Fig.1 shows a few examples of network architectures. It can be seen that the three networks have the same number of input and output units. This is so because the input units equals input features in a given training example while the output units equals the number of target classes.

As a general rule, the when the number of classes are greater than 2, then the classes should be one hot encoded to ease the process of classification. It can be seen an defining individual logistic units for determining whether or not it belongs to that class.

As a default, the number of hidden layers can be kept as 1, or if the number of hidden layers is greater than 1, then the same number of hidden units in each layer. Also, the more the number of hidden units the better.

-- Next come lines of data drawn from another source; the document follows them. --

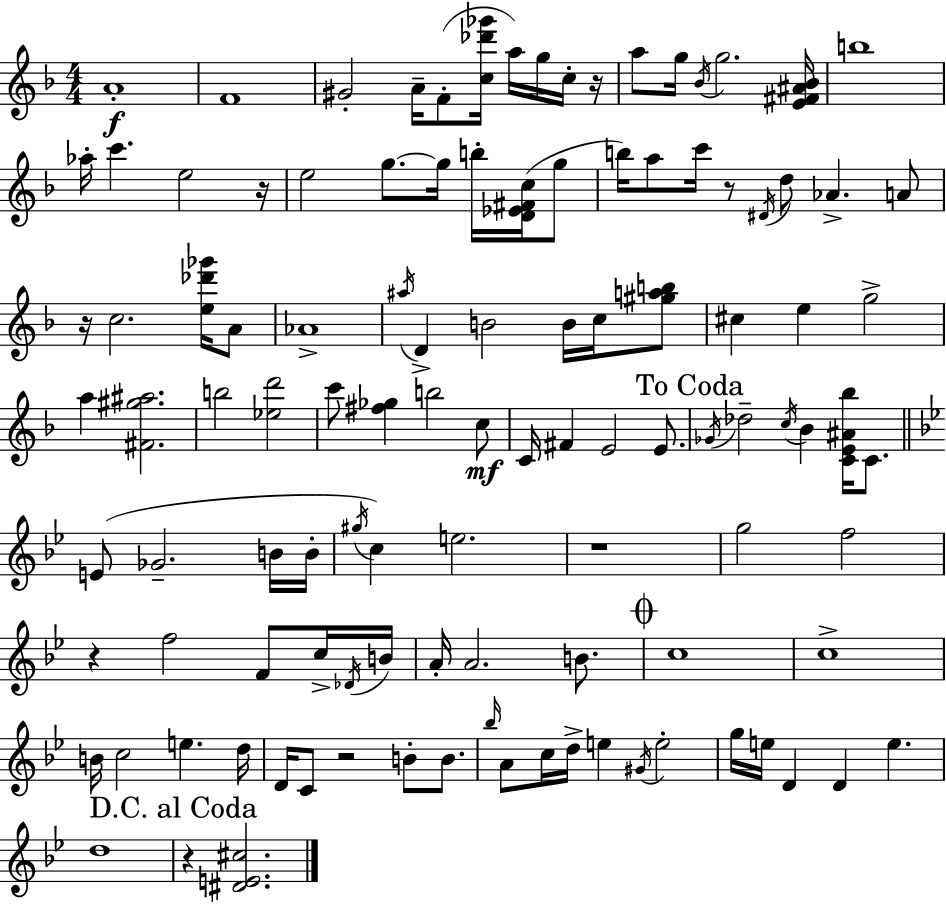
{
  \clef treble
  \numericTimeSignature
  \time 4/4
  \key f \major
  \repeat volta 2 { a'1-.\f | f'1 | gis'2-. a'16-- f'8-.( <c'' des''' ges'''>16 a''16) g''16 c''16-. r16 | a''8 g''16 \acciaccatura { bes'16 } g''2. | \break <e' fis' ais' bes'>16 b''1 | aes''16-. c'''4. e''2 | r16 e''2 g''8.~~ g''16 b''16-. <d' ees' fis' c''>16( g''8 | b''16) a''8 c'''16 r8 \acciaccatura { dis'16 } d''8 aes'4.-> | \break a'8 r16 c''2. <e'' des''' ges'''>16 | a'8 aes'1-> | \acciaccatura { ais''16 } d'4-> b'2 b'16 | c''16 <gis'' a'' b''>8 cis''4 e''4 g''2-> | \break a''4 <fis' gis'' ais''>2. | b''2 <ees'' d'''>2 | c'''8 <fis'' ges''>4 b''2 | c''8\mf c'16 fis'4 e'2 | \break e'8. \mark "To Coda" \acciaccatura { ges'16 } des''2-- \acciaccatura { c''16 } bes'4 | <c' e' ais' bes''>16 c'8. \bar "||" \break \key bes \major e'8( ges'2.-- b'16 b'16-. | \acciaccatura { gis''16 }) c''4 e''2. | r1 | g''2 f''2 | \break r4 f''2 f'8 c''16-> | \acciaccatura { des'16 } b'16 a'16-. a'2. b'8. | \mark \markup { \musicglyph "scripts.coda" } c''1 | c''1-> | \break b'16 c''2 e''4. | d''16 d'16 c'8 r2 b'8-. b'8. | \grace { bes''16 } a'8 c''16 d''16-> e''4 \acciaccatura { gis'16 } e''2-. | g''16 e''16 d'4 d'4 e''4. | \break d''1 | \mark "D.C. al Coda" r4 <dis' e' cis''>2. | } \bar "|."
} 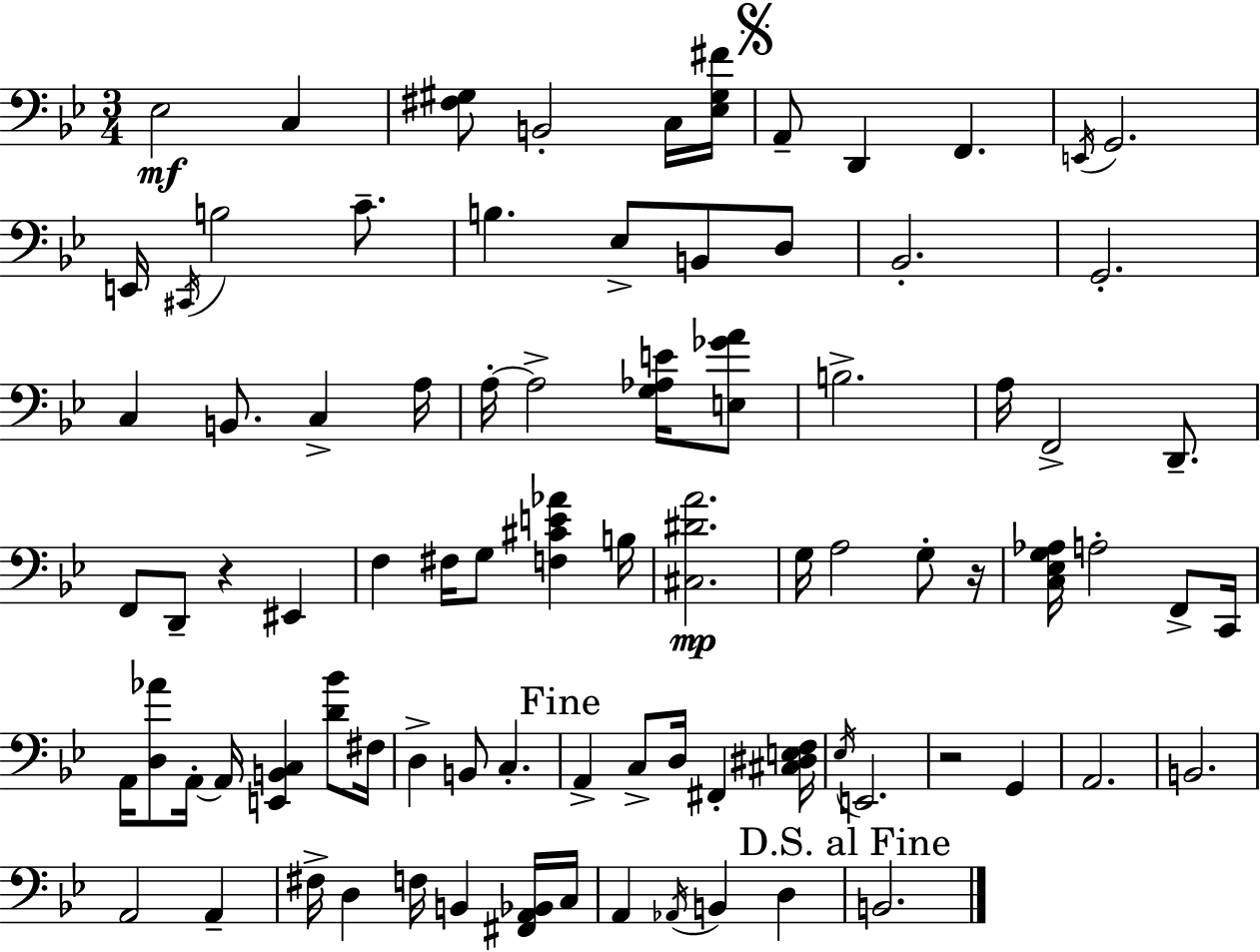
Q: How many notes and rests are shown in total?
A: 85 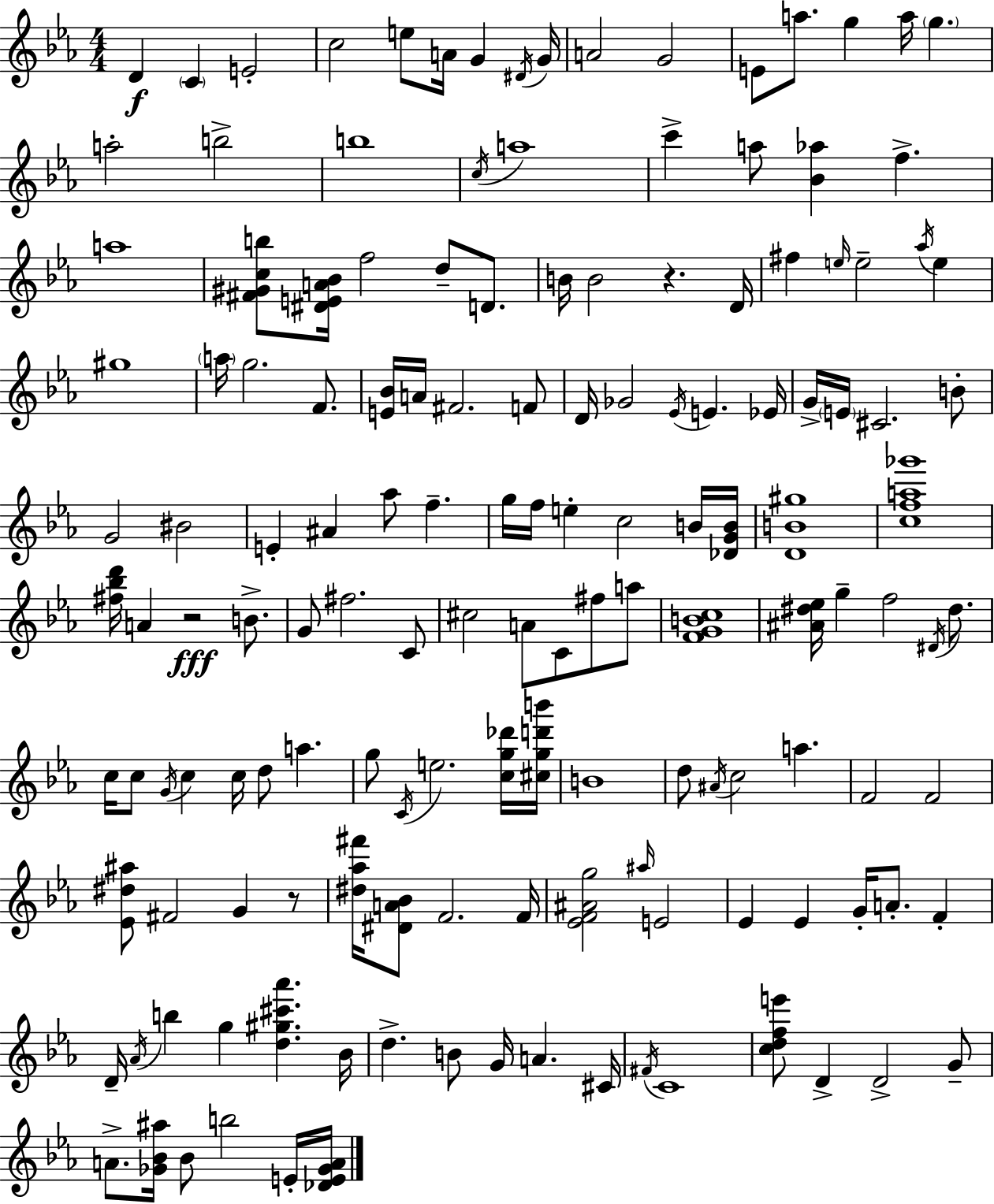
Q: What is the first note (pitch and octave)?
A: D4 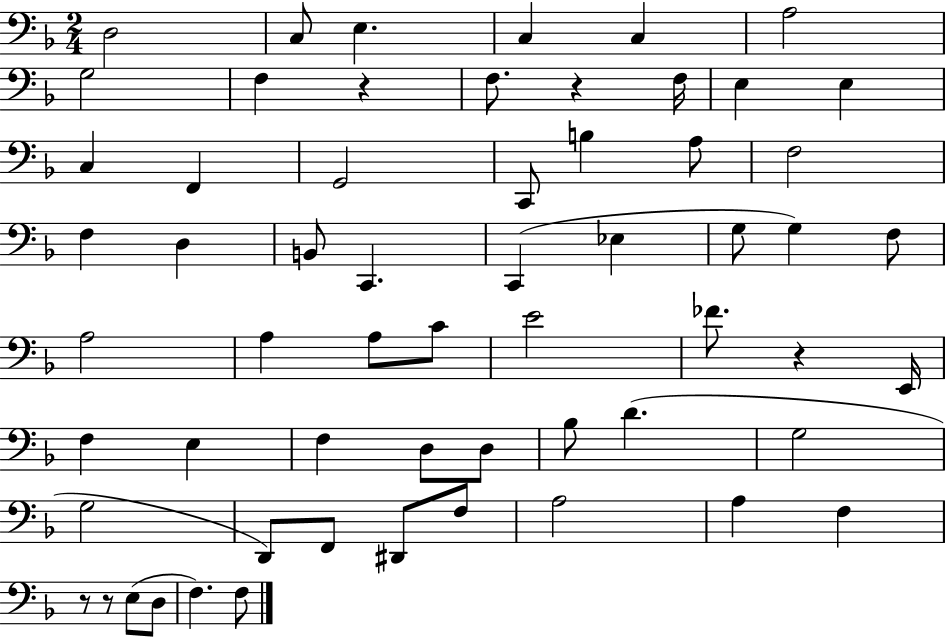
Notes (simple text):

D3/h C3/e E3/q. C3/q C3/q A3/h G3/h F3/q R/q F3/e. R/q F3/s E3/q E3/q C3/q F2/q G2/h C2/e B3/q A3/e F3/h F3/q D3/q B2/e C2/q. C2/q Eb3/q G3/e G3/q F3/e A3/h A3/q A3/e C4/e E4/h FES4/e. R/q E2/s F3/q E3/q F3/q D3/e D3/e Bb3/e D4/q. G3/h G3/h D2/e F2/e D#2/e F3/e A3/h A3/q F3/q R/e R/e E3/e D3/e F3/q. F3/e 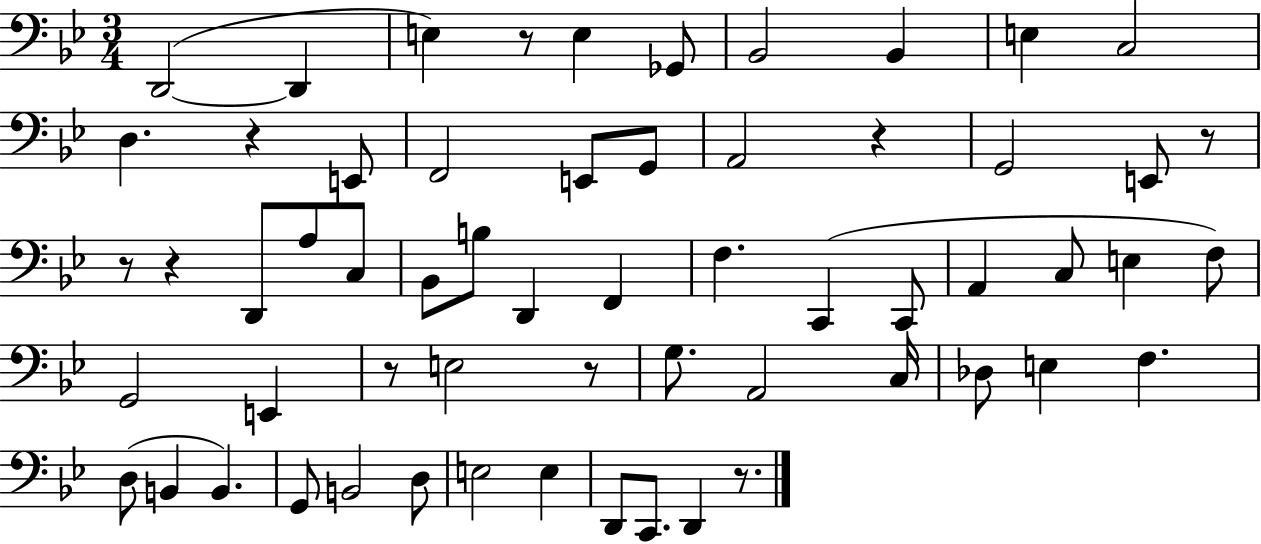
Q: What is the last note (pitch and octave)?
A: D2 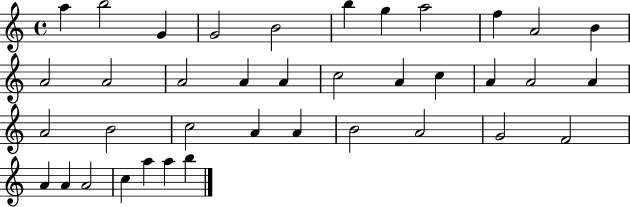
{
  \clef treble
  \time 4/4
  \defaultTimeSignature
  \key c \major
  a''4 b''2 g'4 | g'2 b'2 | b''4 g''4 a''2 | f''4 a'2 b'4 | \break a'2 a'2 | a'2 a'4 a'4 | c''2 a'4 c''4 | a'4 a'2 a'4 | \break a'2 b'2 | c''2 a'4 a'4 | b'2 a'2 | g'2 f'2 | \break a'4 a'4 a'2 | c''4 a''4 a''4 b''4 | \bar "|."
} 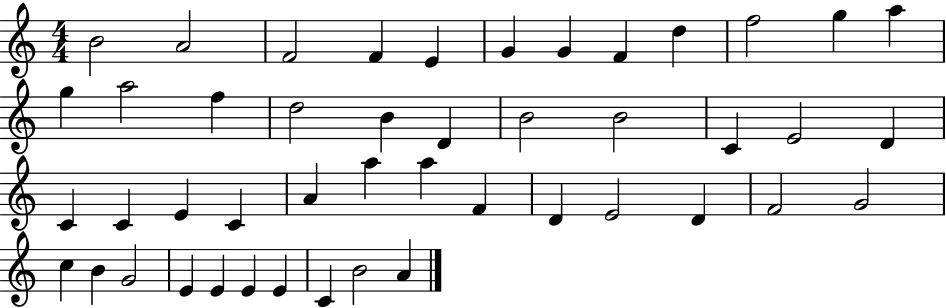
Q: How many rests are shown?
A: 0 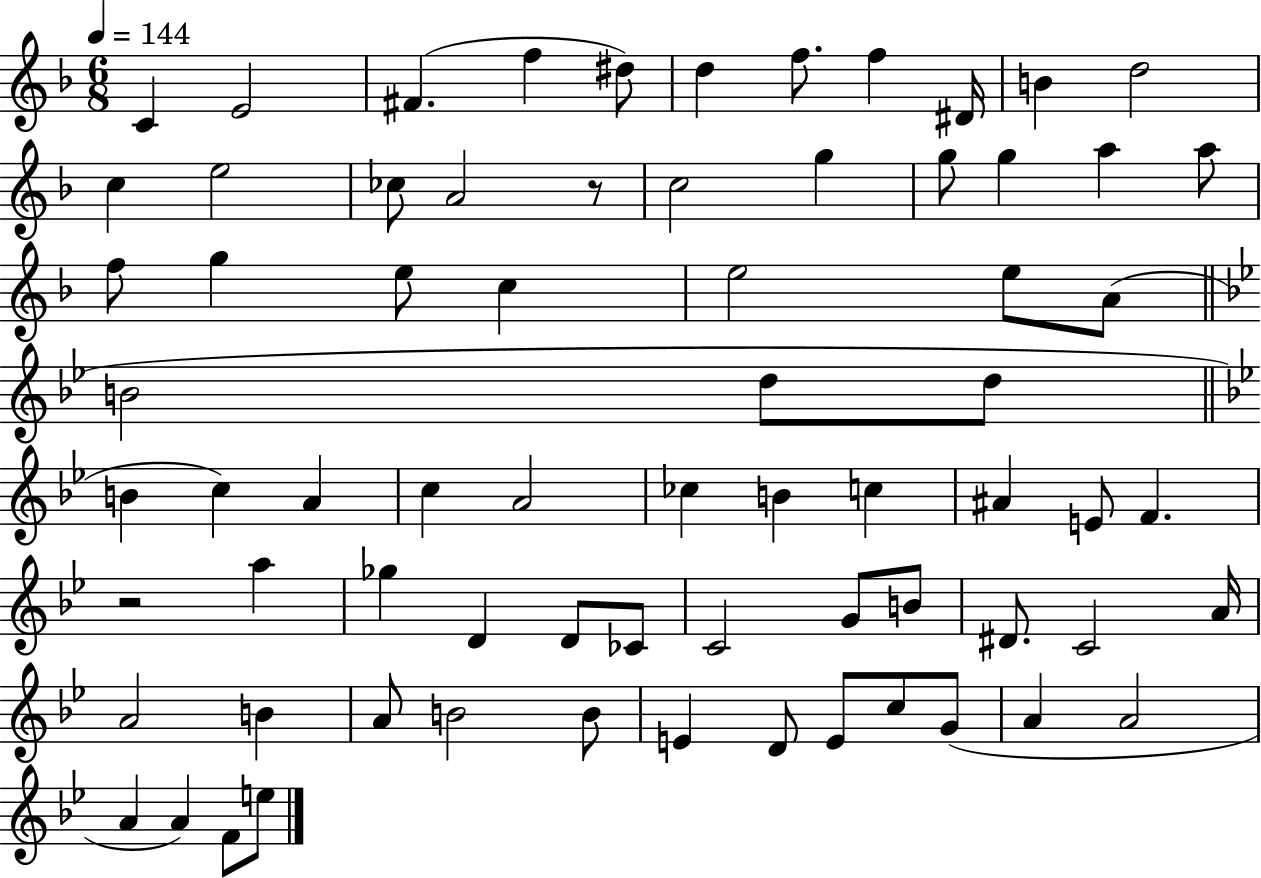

One drawback it presents is in terms of computation expense. The number of units in a hidden layer is generally comparable or a little greater than the number of features (2, 3, or 4 times maybe).

### Training a neural network:

- Random weight initialization
- Forward propagation to calculate \(h(x^{(i)})\)
- Calculate the cost, \(J(\Theta)\)
- Backpropagation to compute partial derivatives, \(\frac {\partial} {\partial \Theta_{jk}^{(l)}} J(\Theta)\)
- Use gradient checking to compare \(\frac {\partial} {\partial \Theta_{jk}^{(l)}} J(\Theta)\) given by backpropagation vs the numerical estimate of gradient. Then disable gradient checking.
- Use gradient descent or any other optimization algorithm to minimize \(J(\Theta)\).

For neural networks the cost function, \(J(\Theta)\) is non-convex and hence susceptible to local minima. But in practice it does not present a serious problem in the implementation.